The third-year engineering student said his passion for photography began when he turned his lens towards the towering skyscrapers and sprawling cityscape that Toronto has to offer.
“From there my photos started getting a lot of attention and likes, lots of comments. Some of my friends asked me to photograph them and I did it,” said Saremi.
Though the skyline’s smooth glass buildings and famed CN Tower allowed him to capture stunning photos, people did not seem interested in purchasing them online.
It can be difficult for a photographer’s work to stand out, especially in the digital age, when Instagram has become oversaturated with photos of a similar style, according to Saremi. So the next logical step was to expand his repertoire by jumping into portrait photography—a style he said is far more personal.
“When I shoot with people, I treat them as though they’re my best friend,” he said.

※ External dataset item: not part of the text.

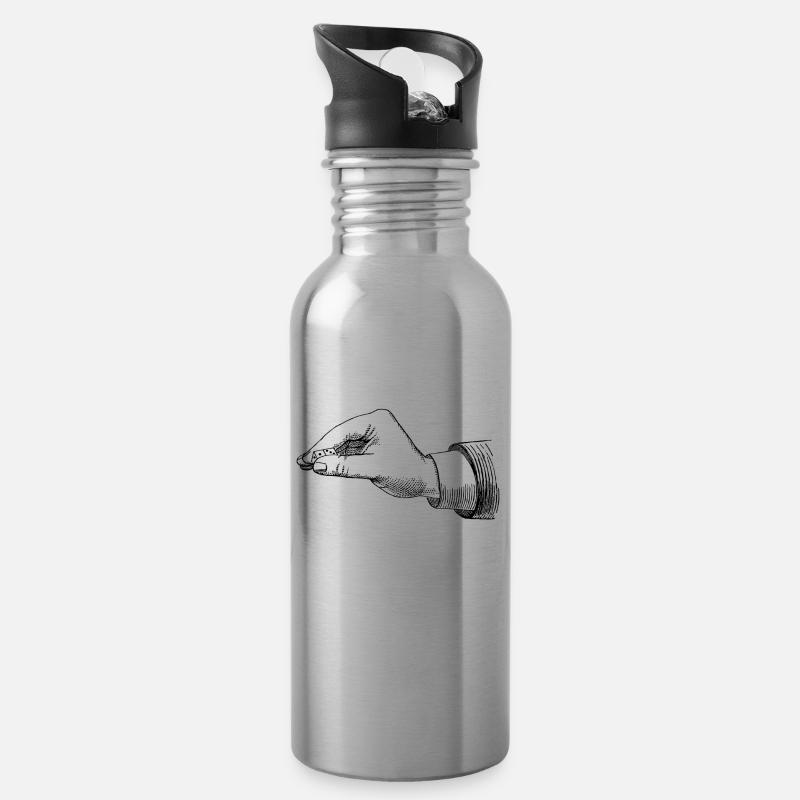 Hand with cube - Water bottle with straw - silver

The benefit to this, Saremi explained, is that the subject is usually more inclined to act naturally, rather than tense up when posing for a stranger.
He said it’s all about making new friends and having experiences with new people.
“I’ll say, ‘Hey, walk around a little bit so I can see how you walk, see how you talk.’ And it clearly works.”
Saremi’s website contains photos of Toronto landmarks, like the Toronto islands, where he uses the cityscape as a backdrop. This is the kind of composition that originally captured his eye when he began photography: cityscapes with a human element.
His photos use bright colours and highly contrasted tones that all draw attention to the model’s best features. Saremi makes good use of a low depth of field, which blurs out the background of photos and brings his subjects to the forefront.
“When you go and shoot cityscape or landscape you’re mostly alone or you’re with one other person, but when you work with people it becomes fun,” said Saremi.
It is the joy of photographing and the fun of collaboration that makes it worth it for Saremi, though creating profit off of art is never a bad thing, either.